**** MATERIAL SHOWN ****
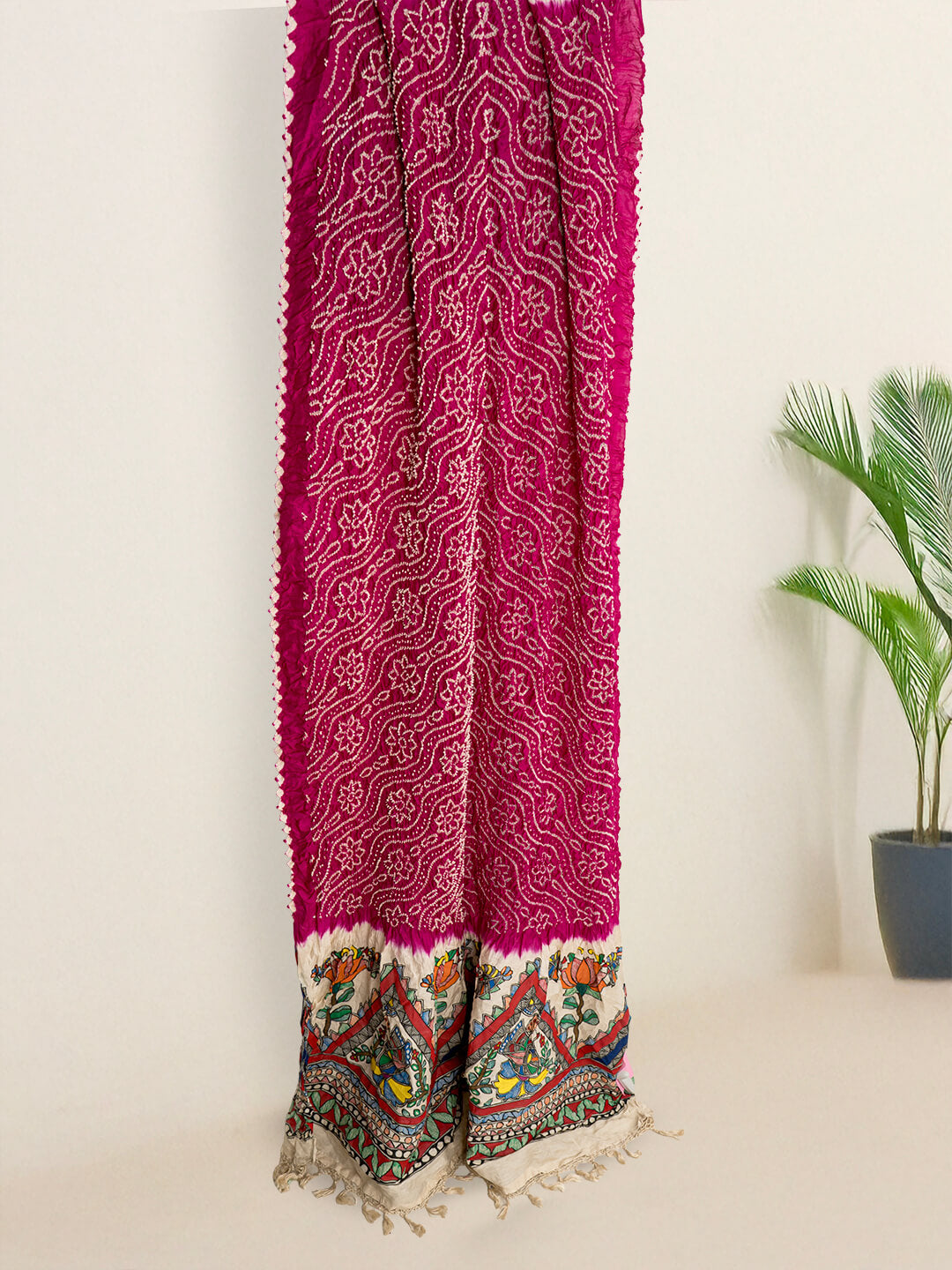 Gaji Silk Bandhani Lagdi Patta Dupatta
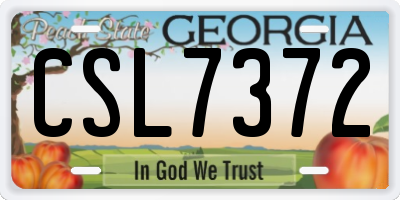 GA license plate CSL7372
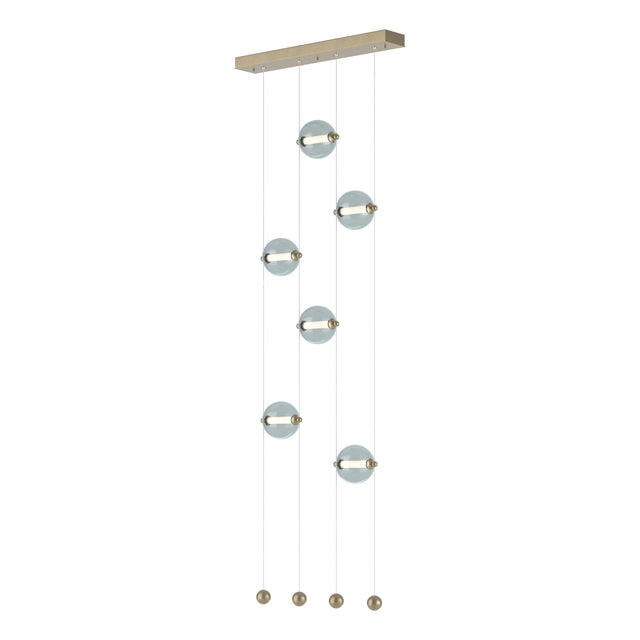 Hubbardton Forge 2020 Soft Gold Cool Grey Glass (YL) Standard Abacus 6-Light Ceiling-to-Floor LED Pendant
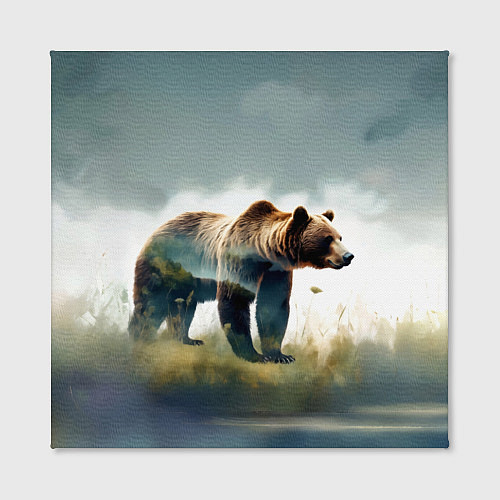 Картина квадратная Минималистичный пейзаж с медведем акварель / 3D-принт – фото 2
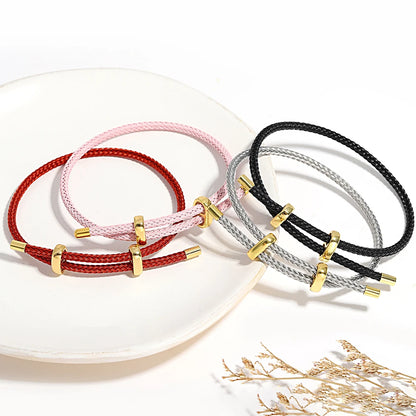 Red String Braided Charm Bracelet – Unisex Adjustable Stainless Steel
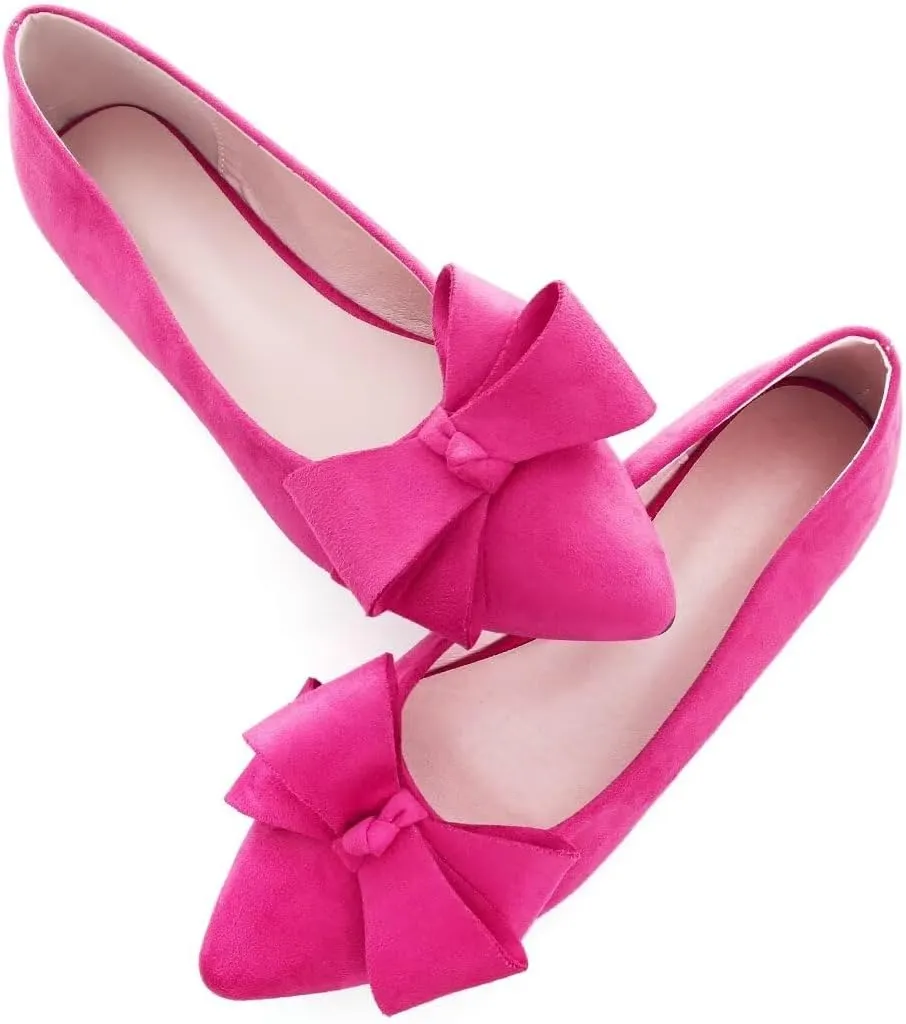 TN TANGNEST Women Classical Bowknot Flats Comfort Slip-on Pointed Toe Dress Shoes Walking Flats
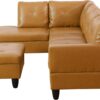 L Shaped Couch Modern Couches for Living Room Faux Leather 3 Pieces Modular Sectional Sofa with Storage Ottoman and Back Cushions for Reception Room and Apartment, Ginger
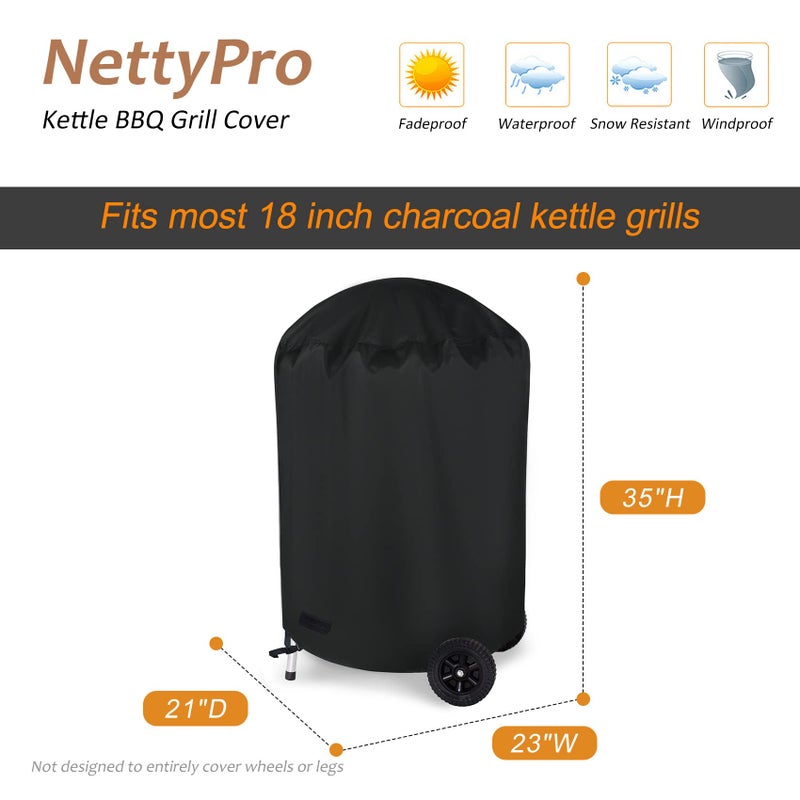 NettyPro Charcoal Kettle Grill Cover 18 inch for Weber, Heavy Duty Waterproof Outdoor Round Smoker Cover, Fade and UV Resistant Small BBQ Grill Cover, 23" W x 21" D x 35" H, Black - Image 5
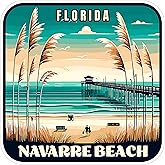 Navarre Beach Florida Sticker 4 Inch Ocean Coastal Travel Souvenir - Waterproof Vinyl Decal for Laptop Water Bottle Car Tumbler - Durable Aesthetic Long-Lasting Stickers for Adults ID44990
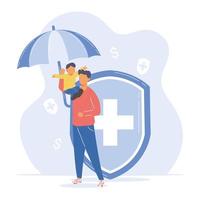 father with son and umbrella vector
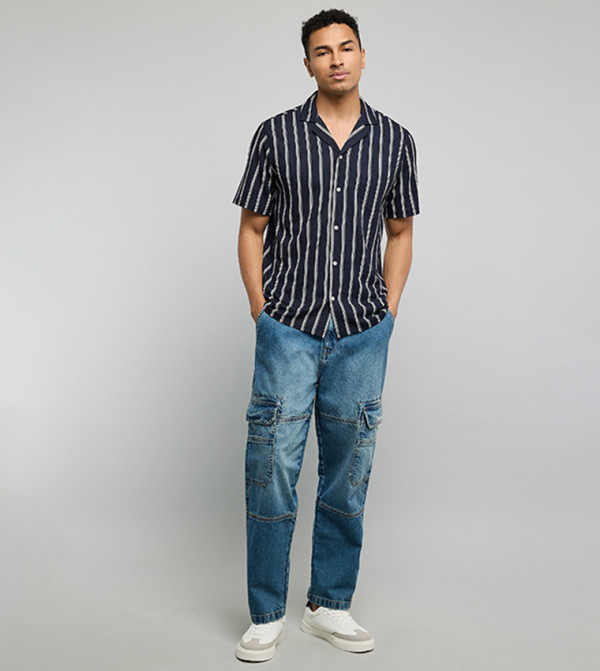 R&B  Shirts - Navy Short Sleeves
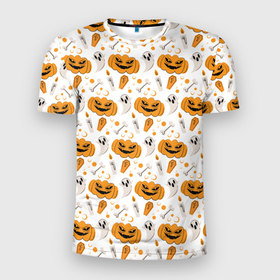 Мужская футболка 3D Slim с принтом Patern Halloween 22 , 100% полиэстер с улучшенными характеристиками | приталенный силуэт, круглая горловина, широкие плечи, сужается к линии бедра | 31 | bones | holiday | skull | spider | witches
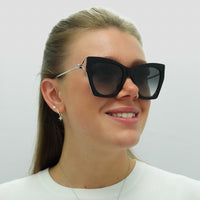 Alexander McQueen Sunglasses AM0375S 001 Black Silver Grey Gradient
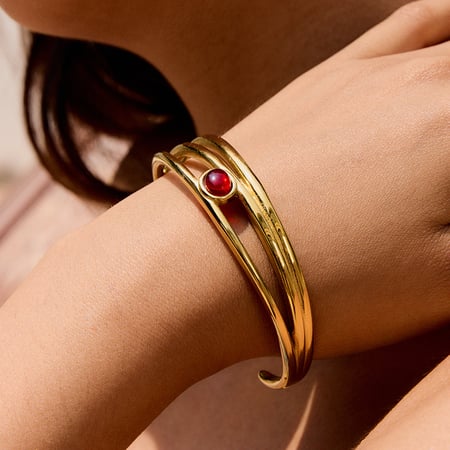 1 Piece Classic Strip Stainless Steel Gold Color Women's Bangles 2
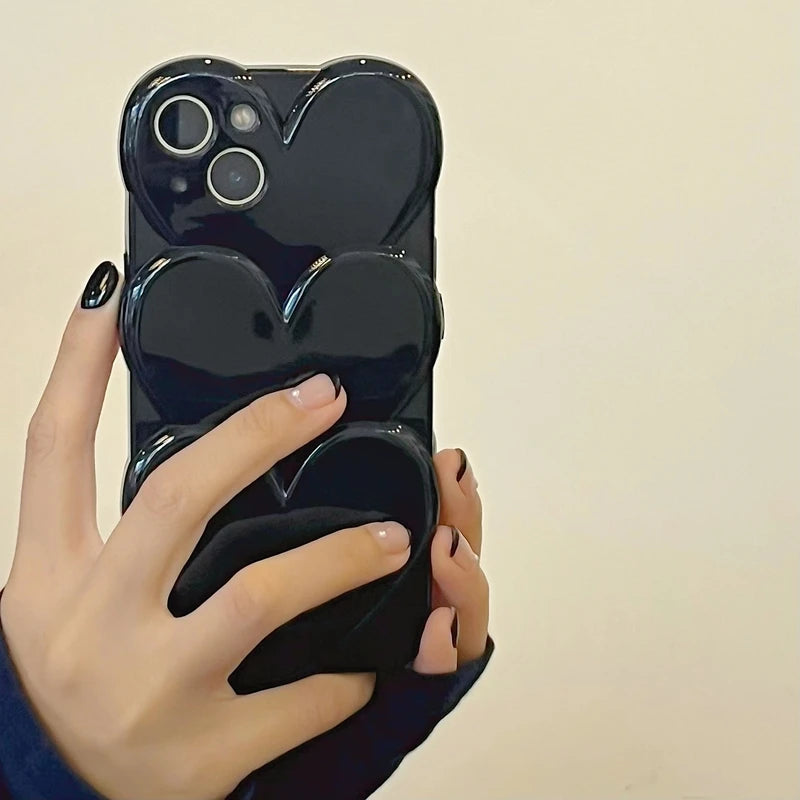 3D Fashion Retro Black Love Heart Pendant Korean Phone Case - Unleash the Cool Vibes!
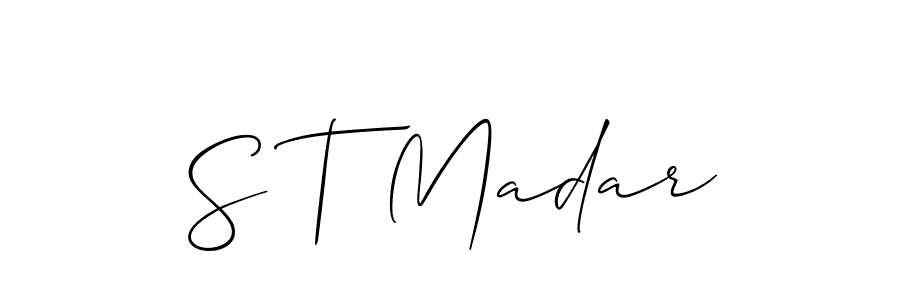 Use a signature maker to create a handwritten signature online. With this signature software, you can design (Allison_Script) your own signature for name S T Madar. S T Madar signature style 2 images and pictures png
****
→ **ASSIGNED TASK**: For this exercise, set down the lines in the entries above from the one with "TN TANGNEST Women" through the one with "NettyPro Charcoal Kettle" exactly as written, without any pictures.

→ **RESPONSE BELOW**:
 TN TANGNEST Women Classical Bowknot Flats Comfort Slip-on Pointed Toe Dress Shoes Walking Flats
 L Shaped Couch Modern Couches for Living Room Faux Leather 3 Pieces Modular Sectional Sofa with Storage Ottoman and Back Cushions for Reception Room and Apartment, Ginger
 NettyPro Charcoal Kettle Grill Cover 18 inch for Weber, Heavy Duty Waterproof Outdoor Round Smoker Cover, Fade and UV Resistant Small BBQ Grill Cover, 23" W x 21" D x 35" H, Black - Image 5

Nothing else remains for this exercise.